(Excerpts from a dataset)
┄┄┄┄┄┄

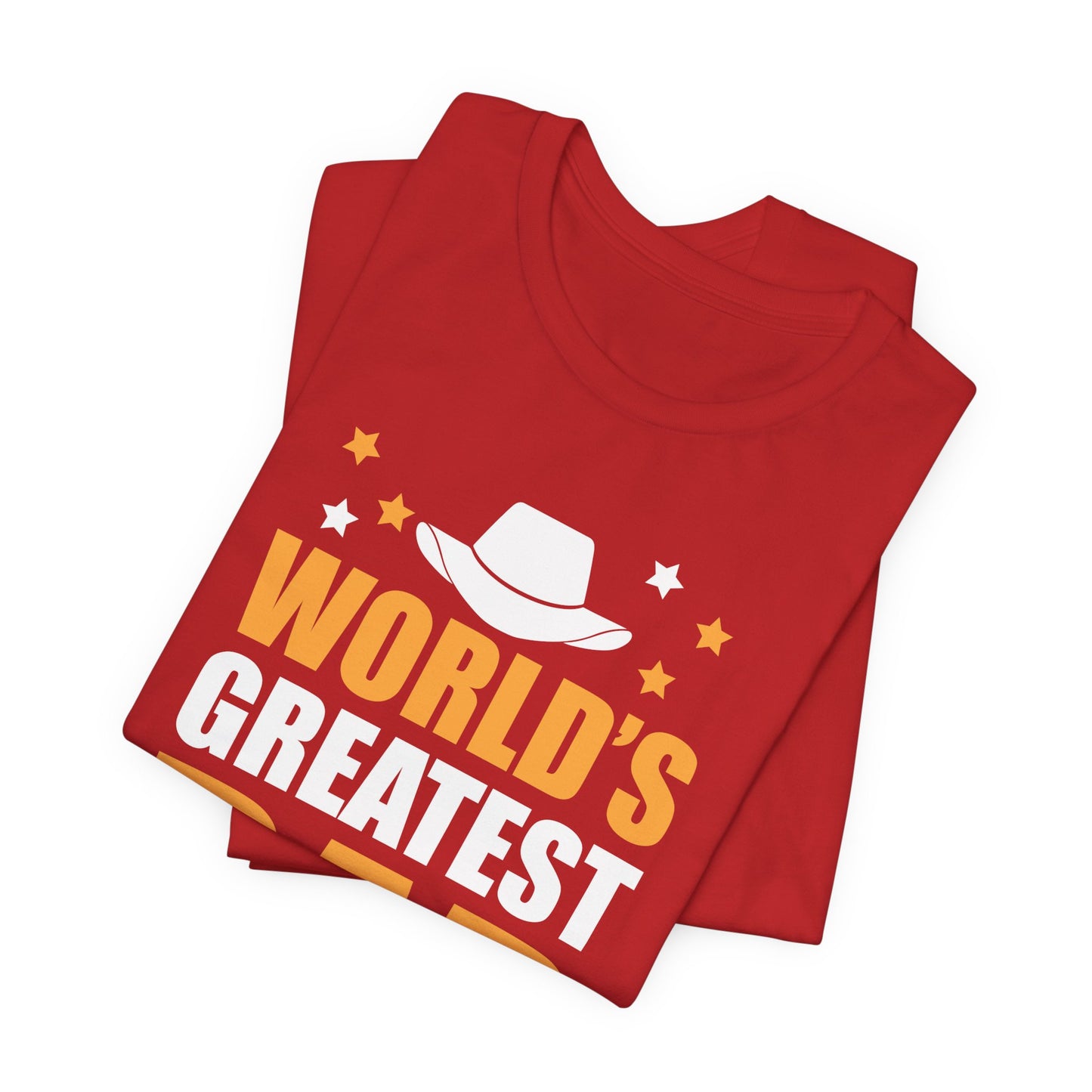 World's Greatest Dad - Unisex Jersey Short Sleeve Tee - 13740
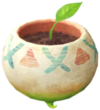 Icon of the huge seedling in Pikmin Bloom.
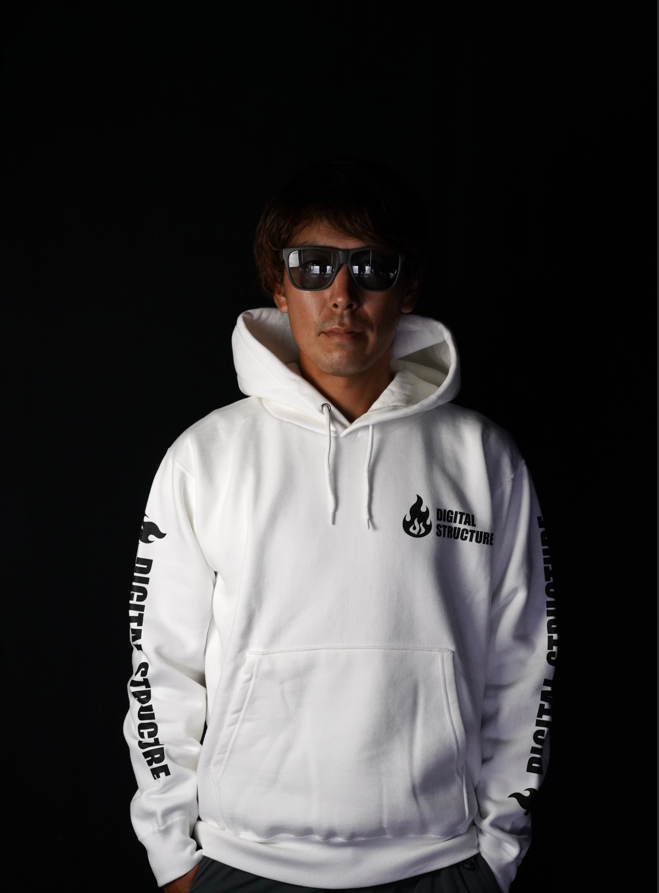 DGHD04DIGITAL STRUCTURE HOODIE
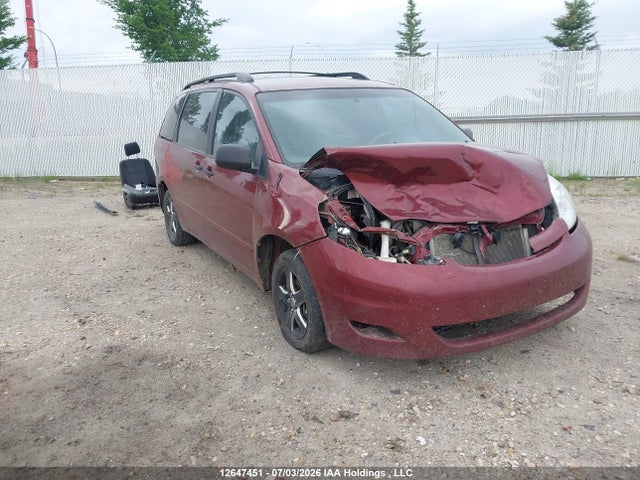 12647451 :رقم المزاد ، 5TDZK29C17S048124 vin ، 2007 Toyota Sienna Ce 7 Passenger/ce 8 Passenger مزاد بيع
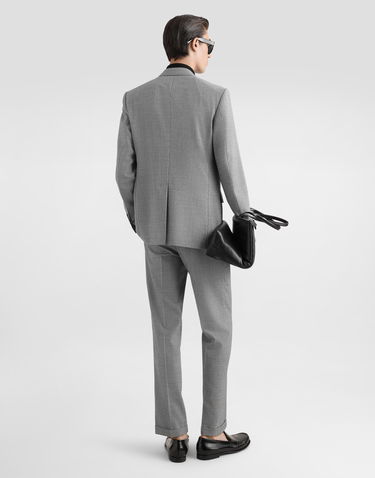 Housut Dolce & Gabbana Dolce & Gabbana Tailored Wool Houndstooth Pants Harmaa | GP0B8TFQ2OIS0984, 2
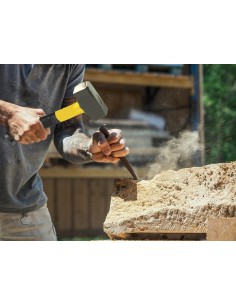 Stone Hammer - Fibreglass Handle - 1500 g 2
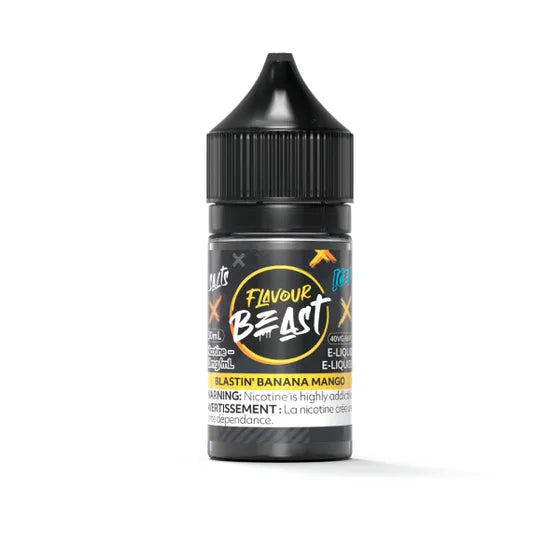 Flavour Beast Salt Blastin' Banana Mango Iced - 20mg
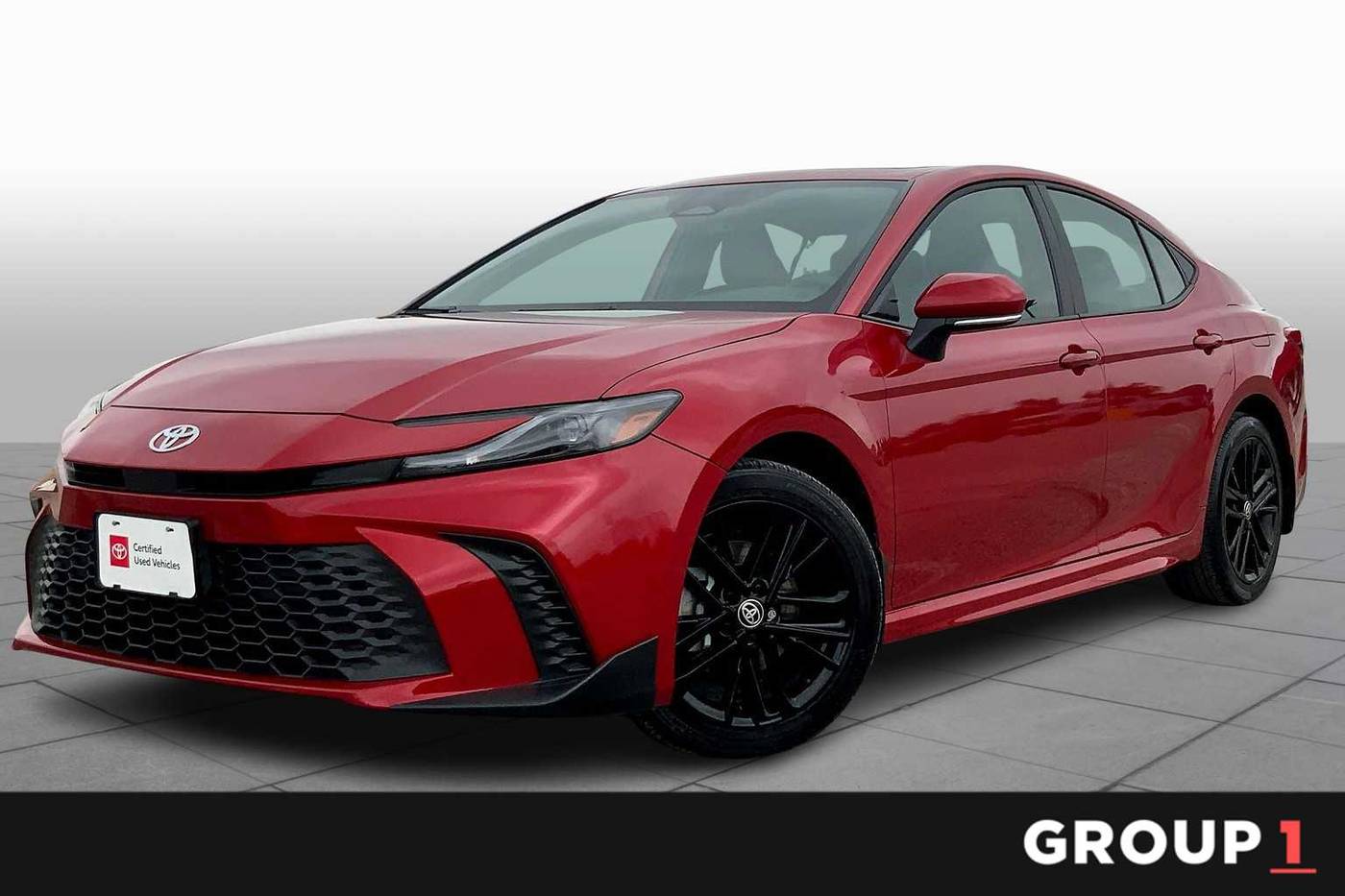 2025 Toyota Camry SE — Sedan — 9,130 mi — Houston, TX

┄┄┄┄┄┄

The answer must be the exact lines from the line with "Stone Hammer - Fibreglass Handle - 1500 g 2" to the final line of the data, both ends included, with no pictures.

WRITTEN SOLUTION →
 Stone Hammer - Fibreglass Handle - 1500 g 2
 Flavour Beast Salt Blastin' Banana Mango Iced - 20mg
 2025 Toyota Camry SE — Sedan — 9,130 mi — Houston, TX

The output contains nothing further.